Все это происходило с нами и в то же время происходило вне нас, совершенно независимо от нас – даже если мы уже позволяли себе смело шебуршиться, участвуя, скажем, в панк-группе или смело заявляя научному руководителю, что темой диплома будут никак невозможные раньше психоаналитические мотивы у позднего Зощенко или, нет, погодите, вообще даже – или Оруэлл, или никак.
Эпоха сама по себе сервировала нам настоящее приключение, в котором можно было участвовать, даже не отходя от телевизора, а просто наблюдая за депутатским съездом и лопаясь от небессильной (потому что наша же возьмет!) злобы, когда захлопывали Сахарова. И нам – в отличие от наших родителей, которым за новый мир пришлось заплатить крушением привычного старого, пусть нелюбимого, – за выпавший на нашу долю энтертейнмент не пришлось платить ничем.
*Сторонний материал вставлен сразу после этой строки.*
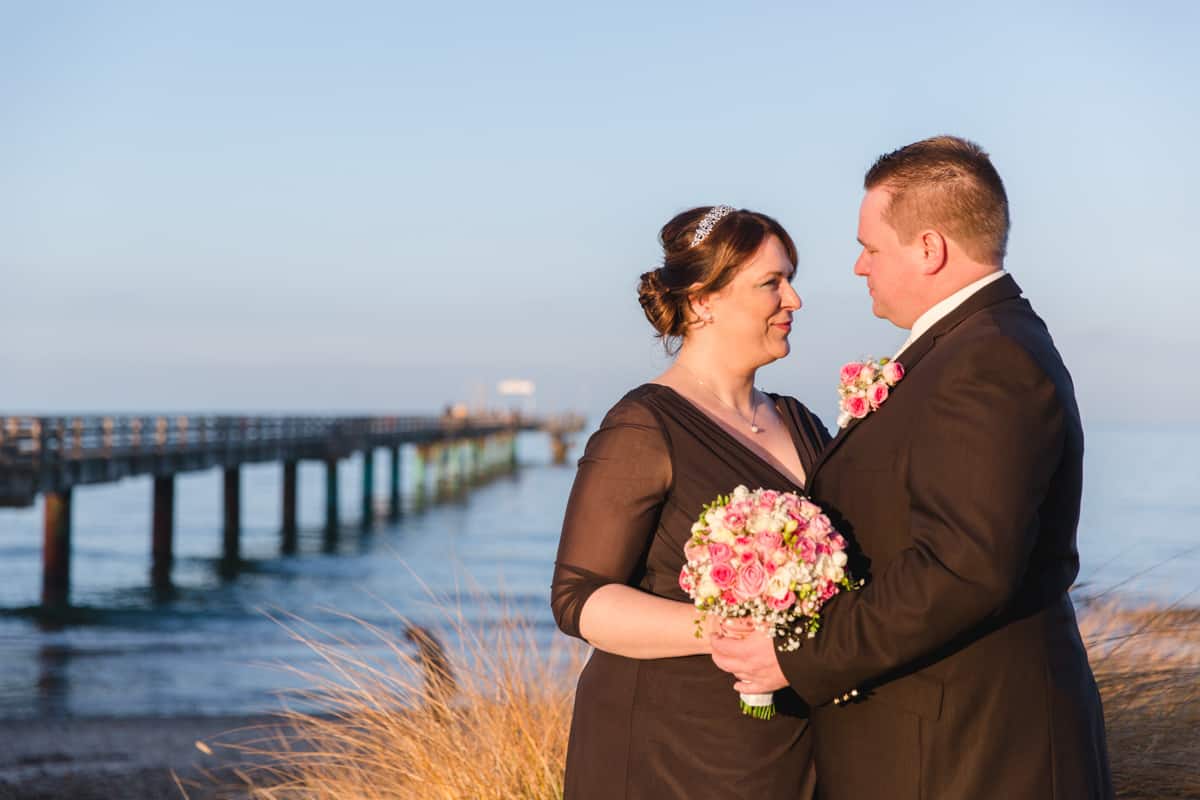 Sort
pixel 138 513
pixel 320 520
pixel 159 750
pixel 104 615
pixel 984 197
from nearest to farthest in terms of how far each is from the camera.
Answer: pixel 984 197, pixel 159 750, pixel 104 615, pixel 320 520, pixel 138 513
На этом месте, вероятно, надо было бы поспорить с самой собой и написать что-то вроде того, что то, что происходит в нашей стране сейчас, – и есть расплата. Или – просто для композиционной целостности – опять вспомнить мою любимую бабушку и предположить, что когда-нибудь я тоже буду испытывать сложные чувства по поводу хронологически несогласованного счастья. Но ничего подобного я ни подумать, ни почувствовать не могу. 1988-й был захватывающе интересный и счастливый год. Для меня и – перефразируя классика – для таких, как я.
Обо мне, о таких, как я, и о том, что со всеми нами приключилось.
Выставка «Иконы 90-х»
В комнате моей мамы имеется фотография моего брата в девятнадцатилетнем возрасте – он там писаный красавец. Он, впрочем, и сейчас вполне молод и вообще очень ничего, но тогда это было что-то особенное. На восторги по поводу этого снимка мама отвечает так: «Знаете, зачем я держу его здесь? Чтобы никогда не забывать о том, что с людьми делает время».
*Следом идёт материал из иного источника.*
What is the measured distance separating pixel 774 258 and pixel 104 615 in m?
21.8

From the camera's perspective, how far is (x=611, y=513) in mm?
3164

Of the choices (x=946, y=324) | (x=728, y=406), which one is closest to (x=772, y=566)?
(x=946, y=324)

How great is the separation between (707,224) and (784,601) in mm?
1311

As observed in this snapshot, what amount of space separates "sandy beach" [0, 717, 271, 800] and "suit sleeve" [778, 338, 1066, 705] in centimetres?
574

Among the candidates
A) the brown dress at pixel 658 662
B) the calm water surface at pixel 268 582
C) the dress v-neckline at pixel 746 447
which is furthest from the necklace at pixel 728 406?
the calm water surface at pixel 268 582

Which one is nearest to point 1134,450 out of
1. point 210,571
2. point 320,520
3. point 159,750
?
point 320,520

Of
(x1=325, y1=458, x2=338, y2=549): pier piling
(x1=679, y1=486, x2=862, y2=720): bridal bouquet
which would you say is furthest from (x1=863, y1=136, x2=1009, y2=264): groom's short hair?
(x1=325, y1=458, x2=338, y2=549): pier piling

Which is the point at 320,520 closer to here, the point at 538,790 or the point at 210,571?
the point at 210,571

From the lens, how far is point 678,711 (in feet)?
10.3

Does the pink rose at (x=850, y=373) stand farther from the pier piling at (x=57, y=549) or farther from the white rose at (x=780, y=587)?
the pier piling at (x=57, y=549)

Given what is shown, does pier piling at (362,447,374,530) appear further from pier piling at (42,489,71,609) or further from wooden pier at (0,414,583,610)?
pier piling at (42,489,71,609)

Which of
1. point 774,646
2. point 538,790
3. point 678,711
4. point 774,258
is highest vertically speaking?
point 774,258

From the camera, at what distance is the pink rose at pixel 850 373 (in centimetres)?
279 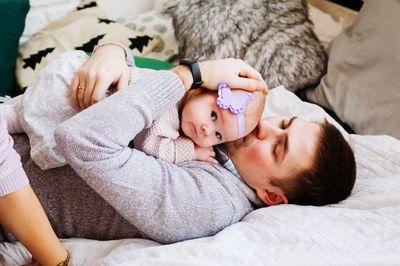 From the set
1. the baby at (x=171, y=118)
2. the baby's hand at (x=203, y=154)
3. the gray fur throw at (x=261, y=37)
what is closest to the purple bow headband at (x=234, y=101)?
the baby at (x=171, y=118)

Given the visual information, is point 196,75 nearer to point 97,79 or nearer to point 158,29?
point 97,79

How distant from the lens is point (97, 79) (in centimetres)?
98

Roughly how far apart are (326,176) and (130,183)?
458 millimetres

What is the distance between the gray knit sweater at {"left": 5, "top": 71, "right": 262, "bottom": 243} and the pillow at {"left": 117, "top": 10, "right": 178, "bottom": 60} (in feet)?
3.74

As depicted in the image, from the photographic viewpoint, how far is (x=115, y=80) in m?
1.01

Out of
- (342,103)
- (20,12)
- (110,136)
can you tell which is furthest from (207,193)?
(20,12)

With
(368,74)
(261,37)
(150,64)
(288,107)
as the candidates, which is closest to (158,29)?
(150,64)

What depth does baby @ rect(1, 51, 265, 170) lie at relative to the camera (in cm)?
97

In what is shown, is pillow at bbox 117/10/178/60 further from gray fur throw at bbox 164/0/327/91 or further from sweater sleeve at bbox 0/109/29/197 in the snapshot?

Выставка «Иконы 90-х» (явным образом вопреки замыслу своих создателей) в первую очередь работает именно таким напоминанием, а уж только потом – как обещанный в пресс-релизе взгляд «раскрывшегося в конце 80-х и в 90-х поколения фотографов – представителей новой визуальной культуры на смутную и в то же время романтичную эпоху, когда все появилось впервые – первые ток-шоу и желтая пресса, четырехкилограммовые мобильные телефоны и малиновые пиджаки, первая телевизионная реклама и клипы».
По-хорошему в связи с этой выставкой надо было бы говорить о том, что девяностые были временем с лицом, вернее, с лицами – взять хоть Бориса Ельцина с, например, Сергеем Бодровым, а нулевые – временем безликим. Взять хоть тандем с, например, Иваном Ургантом.
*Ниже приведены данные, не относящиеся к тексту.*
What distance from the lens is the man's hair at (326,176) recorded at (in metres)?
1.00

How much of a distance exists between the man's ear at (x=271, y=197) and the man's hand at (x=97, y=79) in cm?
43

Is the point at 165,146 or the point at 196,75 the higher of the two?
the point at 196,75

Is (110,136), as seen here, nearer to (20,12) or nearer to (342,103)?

О том, что те лица, не похожие почти совсем на сегодняшние маски, знаменовали не только упомянутый «романтизм» (читай – «лихость») того времени в противовес сегодняшнему прагматизму, не только тогдашнюю открытость в противовес сегодняшней закрытости, но и просто-напросто тогдашнюю неотесанность в противовес сегодняшней солидности (читай – «стабильности»).
О том, что эта стабильность оказалась уделом не только лиц официальных и их приспешников, но и той – широко представленной на выставке – самобытно-колоритной в те годы отечественной богемы, которая сегодня выкристаллизовалась в благополучно-лояльную ячейку общества.
Конечно, надо было бы обо всем этом сказать, но эти фотографии провоцируют совсем другие мысли.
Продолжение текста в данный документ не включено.